== ACTION ITEM ==
Return the listing in full and exactly, but without a single picture.

PROVIDED INFORMATION below:

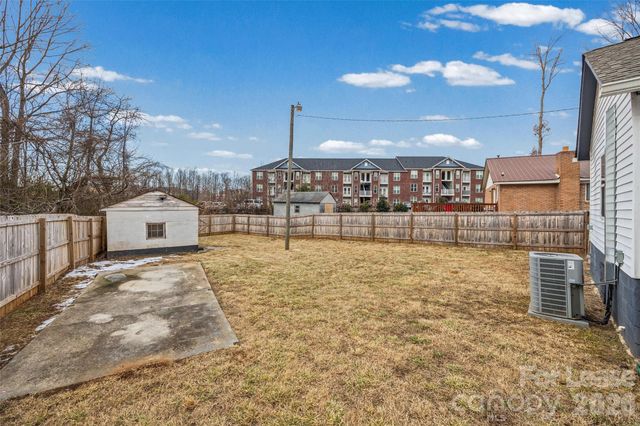 1235 Bradford Heights Road, Gastonia, NC 28054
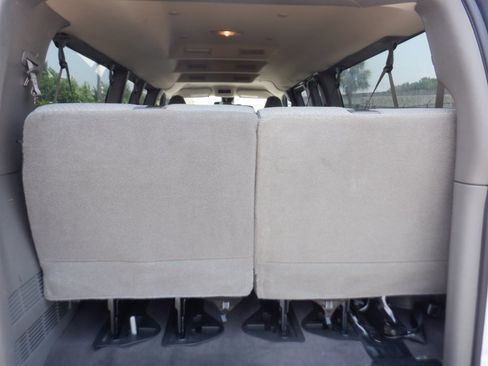 Used 2020 Chevrolet Express 3500 LT w/ LT Preferred Equipment Group RWD image 5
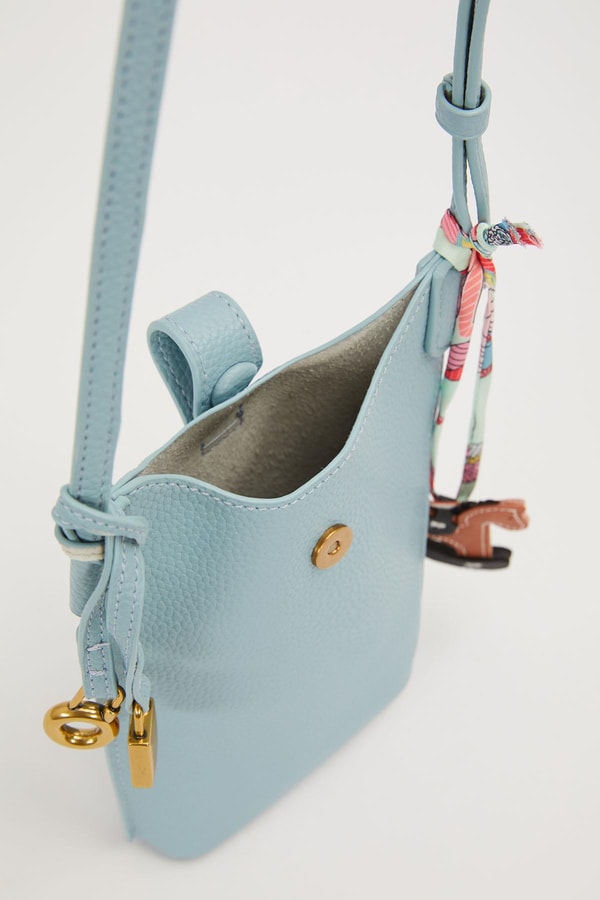 LevidorMavi Atlı Charm Detaylı Omuz Çantası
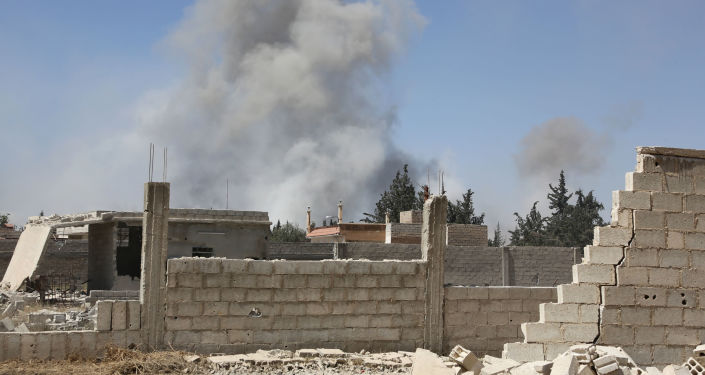 禁化武组织从叙利亚杜马镇疑似化武袭击地发现含氯有机物据该消息人士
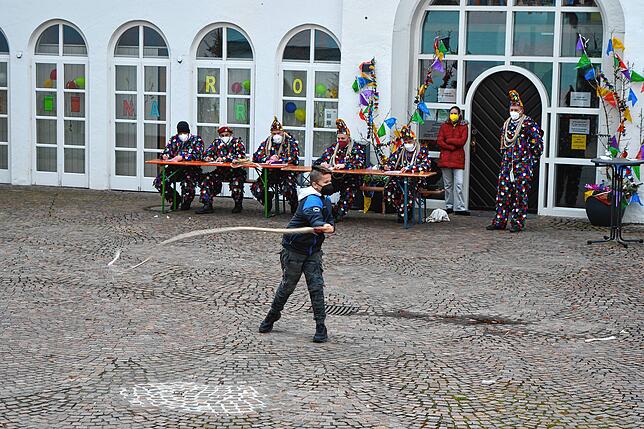Bild 10: Bilder vom Narrenbaumstellen und Preisschnellen in Markdorf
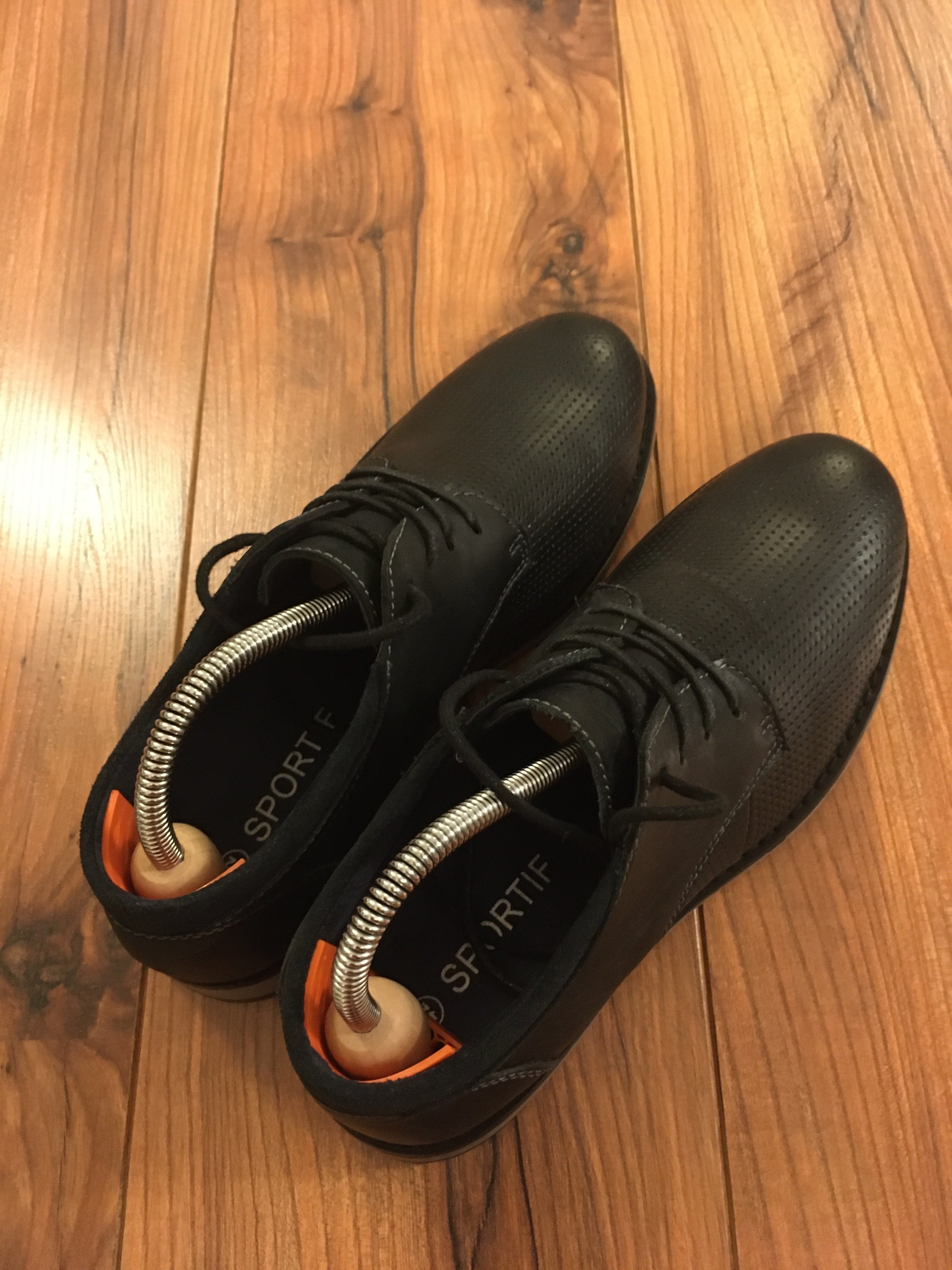 Shoe trees - heel part
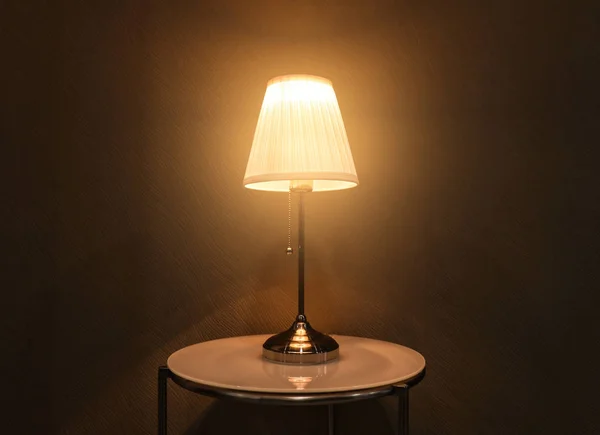 スタイリッシュなテーブル ランプ — ストック写真
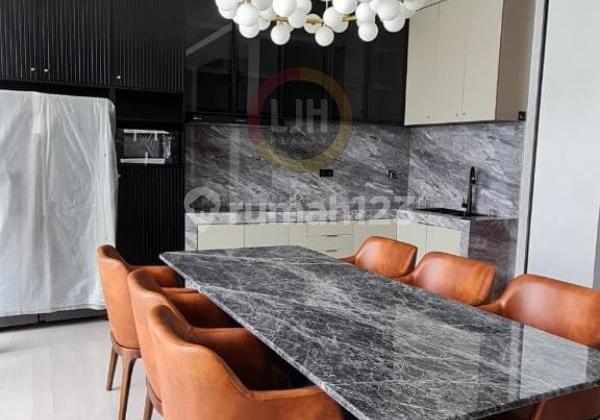 Rumah mewah di Graha Candi Golf 1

End of PROVIDED INFORMATION.

== WRITTEN SOLUTION ==
 1235 Bradford Heights Road, Gastonia, NC 28054
 Used 2020 Chevrolet Express 3500 LT w/ LT Preferred Equipment Group RWD image 5
 LevidorMavi Atlı Charm Detaylı Omuz Çantası
 禁化武组织从叙利亚杜马镇疑似化武袭击地发现含氯有机物据该消息人士
Bild 10: Bilder vom Narrenbaumstellen und Preisschnellen in Markdorf
 Shoe trees - heel part
 スタイリッシュなテーブル ランプ — ストック写真
 Rumah mewah di Graha Candi Golf 1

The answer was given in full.